There isn’t one reason for the gender divide. Development firms and commercial brokerages — like many industries — have a long history of being controlled by men, and while women have certainly reached high-powered positions, they remain the exceptions. TRD spoke to a cross section of women in the industry about why the disparity persists: Some believe the glass ceiling is only there if you see it, while others contend that companies aren’t doing enough to seek out qualified women. What everyone seems to agree on, however, is that commercial brokerage and development is a high-stakes, cutthroat business that requires breaking into a tight-knit network that is largely unavailable to many women.
“People hire people that they know and people who look like them,” said developer Toby Moskovits. “[Commercial real estate] is a testosterone-laden environment. It’s hard as a woman in that world to find your place.”
Wanted: Estrogen injection
Real estate is, of course, not alone in its maleness.
Hollywood, for one, has produced a minuscule number of female directors. Kathryn Bigelow, who directed “Zero Dark Thirty” and “Hurt Locker,” and Patty Jenkins, who made headlines for directing “Wonder Woman” last year, are the two poster cases. In 2017, only 21 out of 100 U.S. senators were women.

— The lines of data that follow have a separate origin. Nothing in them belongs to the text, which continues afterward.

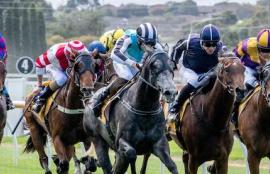 Warrnambool Racing Tips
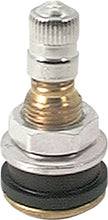 Load image into Gallery viewer, Allstar Performance Brass Valve Stems Bolt In 10pk
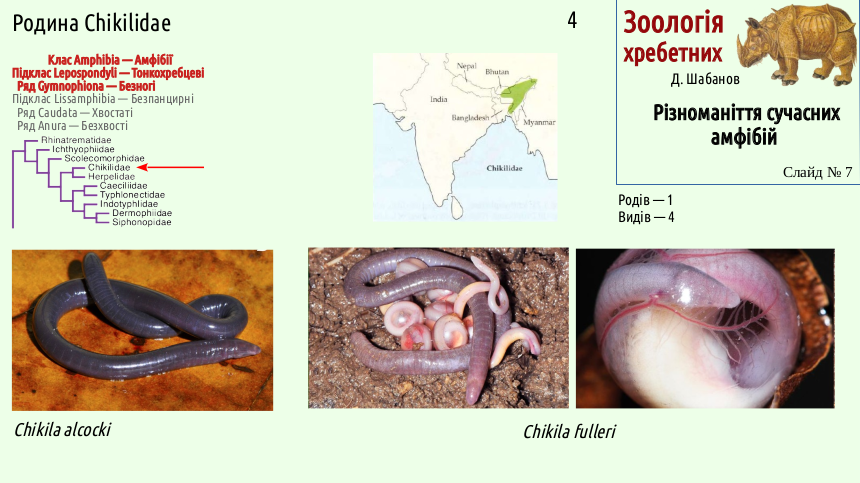 Recent Amphibians 07
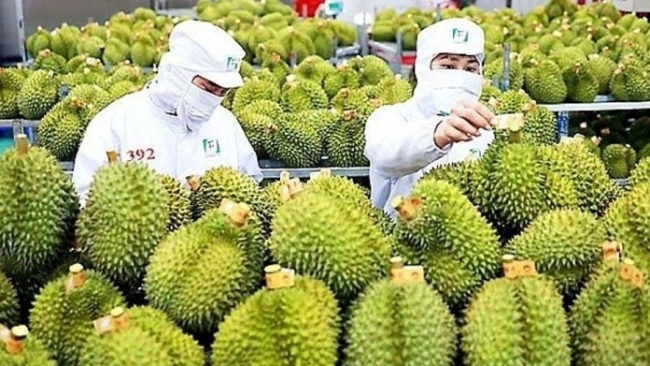 Trung Quốc cập nhật thêm 829 mã vùng trồng, 131 mã đóng gói sầu riêng của Việt Nam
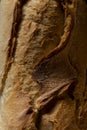 Close up of french crusty baguette, bread bakery themes Royalty Free Stock Photo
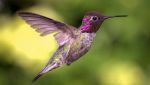 Forma del becco dei colibrì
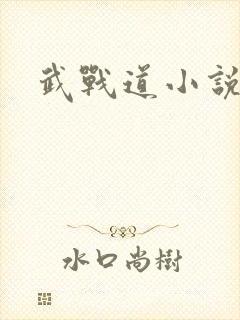 武战道小说封面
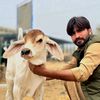mna_dairy_farm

And that might be a better showing than New York’s commercial real estate industry.
The C-suites and top decision-makers are testosterone-filled. Of the 15 developers and owners with the largest NYC holdings based on square footage and dollar value, eight had one woman or none at all on their leadership teams.

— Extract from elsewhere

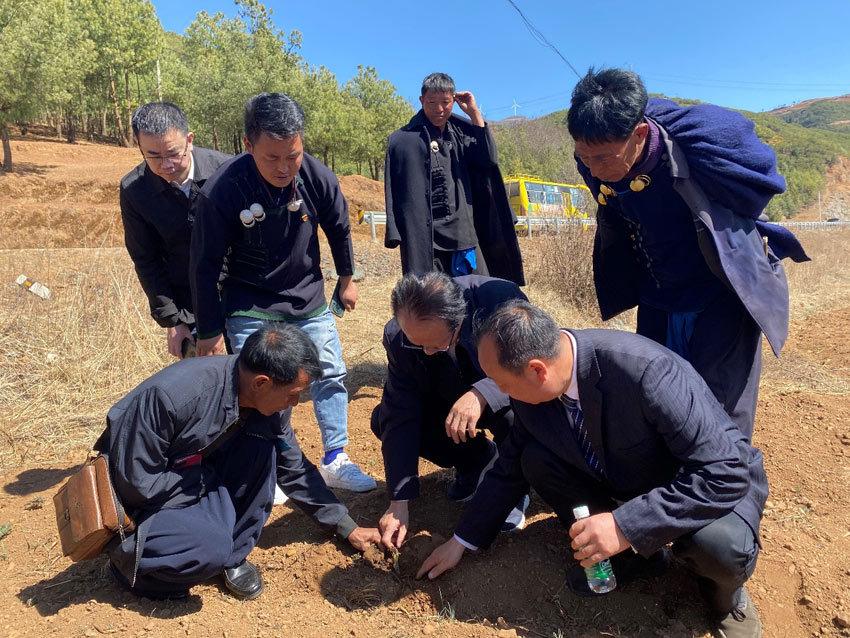 中草药养殖技术培训_中草药养殖技术大全_培训养殖药中草技术视频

Vornado Realty Trust, for instance, does not have a single woman among its top 16 executives — though Wendy Silverstein, now the CEO of New York REIT, was third in command there for years before departing in 2015. Meanwhile, SL Green Realty, another of NYC’s largest office landlords, has just one woman on its 11-person executive team. Both companies declined to comment for this story.
The situation is not much better for developers, which Moskovits perhaps knows better than anyone.
As construction lending slowed to a trickle and projects across the city came to a halt in the wake of the 2008 financial crisis, the then-31-year-old mother of three launched her own development firm.
“People were in suspended disbelief that this woman with no real estate experience had the wherewithal to close any deal,” Moskovits said.
But a decade later, Moskovits remains one of the few female developers in the city. And, she said, it took a time when many real estate firms were backing away from deals to level the playing field.
With a few exceptions, such as MaryAnne Gilmartin, the CEO of Forest City New York, the daughters of some New York real estate moguls are among the only women in leadership positions at development firms in the city. They include Laurie Zucker, Amy Rose, Andrea Olshan, Lisa Silverstein and Helena Durst.
A prominent family name can be a significant leg up for those on the commercial side, sources said.
CBRE’s investment sales powerhouse Darcy Stacom, a chair at the firm, said she kept her maiden name because it had more industry recognition (both her father and mother were brokers).
Olshan, who took over her eponymous development firm from her father, said she needs to work harder to prove that she deserves to be CEO — and that she’s not just there because her dad founded the company.
“Listen, I’m a 6-foot tall female CEO who is a second-generation,” she said. “There are 8 million reasons to hate me.”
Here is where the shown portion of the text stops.